Completeness in Levi-Civita field

Question

I've been wondering for quite a time about Levi-Civita field (you can read it simply in https://en.wikipedia.org/wiki/Levi-Civita_field). I remember that I've read somewhere that Levi-Civita field is the smallest complete Non-Archimedean field. I am not too sure what it means by "complete" there. Does it mean that every number is in that field? I was thinking, for example, $\exp^{\pi}$ won't be there as the power is not rational. Is that right though? Is every number included in LC field? Cheers!

Answer 1

Let $LC$ denote the Levi-Civita ordered field.

Here complete means Cauchy-complete, that is, any sequence $u: \mathbb{N}\rightarrow LC$ which is Cauchy in the sense that

$\forall 0<\varepsilon \in LC, \exists n \in \mathbb{N}, \forall n\leq p,q\in \mathbb{N}, |u_p-u_q|<\varepsilon$

converges in $LC$ (for the order topology).

This is the same as saying $LC$ has no proper dense ordered field extension. In particular the completeness of $LC$ has no bearing on questions regarding the essence of a number.

By the way $LC$ is not the smallest Cauchy-complete non archimedean ordered field, which would be the field of Laurent series. Perhaps you read that it is smallest as a Cauchy complete and real closed non archimedean extension of $\mathbb{R}$. **edit: as Chilote pointed out, this is not true either; take for instance the field $\mathbb{Q}((X_n)_{n \in \mathbb{N}})$ ordered imposing $X_n >\mathbb{Q}((X_k)_{0\leq k<n})$: the completion of its real closure does not contain a copy of $LC$)

I suggest you read the Wikipedia entry for real closed fields.

One idea of proof is as follows: (most of those arguments are not trivial to justify properly!)

Let $F$ be a non archimedean ordered field containing $\mathbb{R}$ and such that there is $0<\varepsilon \in F$ with $(\varepsilon^n)_{n\in \mathbb{N}} \to 0$. Equivalently, the rank of value group of $F$ under natural valuation has a maximum.
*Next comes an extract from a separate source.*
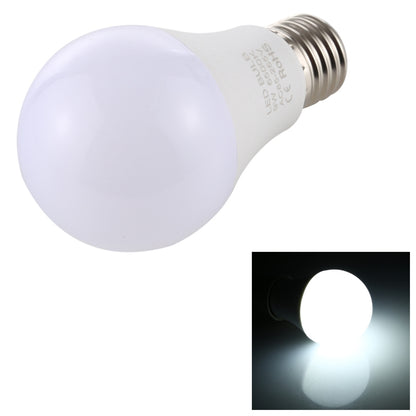 LED Energy-Saving Bulb White Light 6000-6500K AC 85-265V, 5W 40LM, 9W 810LM, 5W, 12W 1080LM, 12W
Fix such an infinitesimal $\varepsilon$.

a) The subfield $\mathbb{R}(\varepsilon)$ of $F$ is isomorphic to the smallest non archimedean ordered extension of $\mathbb{R}$, here denoted $\mathbb{R}(x)$.

b) Since $\mathbb{R}(\varepsilon)$ is cofinal in $F$ which is Cauchy-complete, and by functorial properties of the Cauchy-completion (see here), $F$ contains a unique copy of the Cauchy completion of $\mathbb{R}(x)$ over this field, which can be seen as the field $\mathbb{R}((x^{\mathbb{Z}}))$ of Laurent series.

c) Now since $F$ is real closed and by similar properties of real closure, $F$ contains a unique copy of the real closure $R$ of $\mathbb{R}((x^{\mathbb{Z}}))$ over $\mathbb{R}((x^{\mathbb{Z}}))$, which can be seen as the field of Puiseux series $R = \bigcup \limits_{n \in \mathbb{N}^{>0}}\mathbb{R}((x^{\frac{1}{n}.\mathbb{Z}}))$.

d) Again by Cauchy-completion of $F$, the Cauchy completion of this last field, which is the Levi-Civita field (indeed it is Cauchy-complete and contains Puiseux series as a dense subfield), embeds in it.

e) All the embeddings except that of $\mathbb{R}(x)$ as $\mathbb{R}(\varepsilon)$ are unique over the respective incomplete fields, so the Levi-Civita field is initial among non-archimedean Cauchy complete real closed extensions of $\mathbb{R}$ with prescribed infinitesimal $\varepsilon$ satisfying the condition.

As for the containment of all numbers, I beleive the point of Asaf Karagila is very solid: that depends on what you call a "number".

Regardless, it is hard to make numbers coming from different domains of mathematics work together in a single field while retaining all their proper caracteristics and related notions. I'd rather say the Levi-Civita field "sells" numbers. It sells a pretty classical foam of real numbers, some flavors of infinitesimals, not unrelated infinite numbers, nice looking roots of all those, while the field $\mathbb{C}$ of complex numbers sells you real numbers but urges you to look around them, also sells you solutions to problems you might not have concieved before and markets them as plain numbers; I could go on...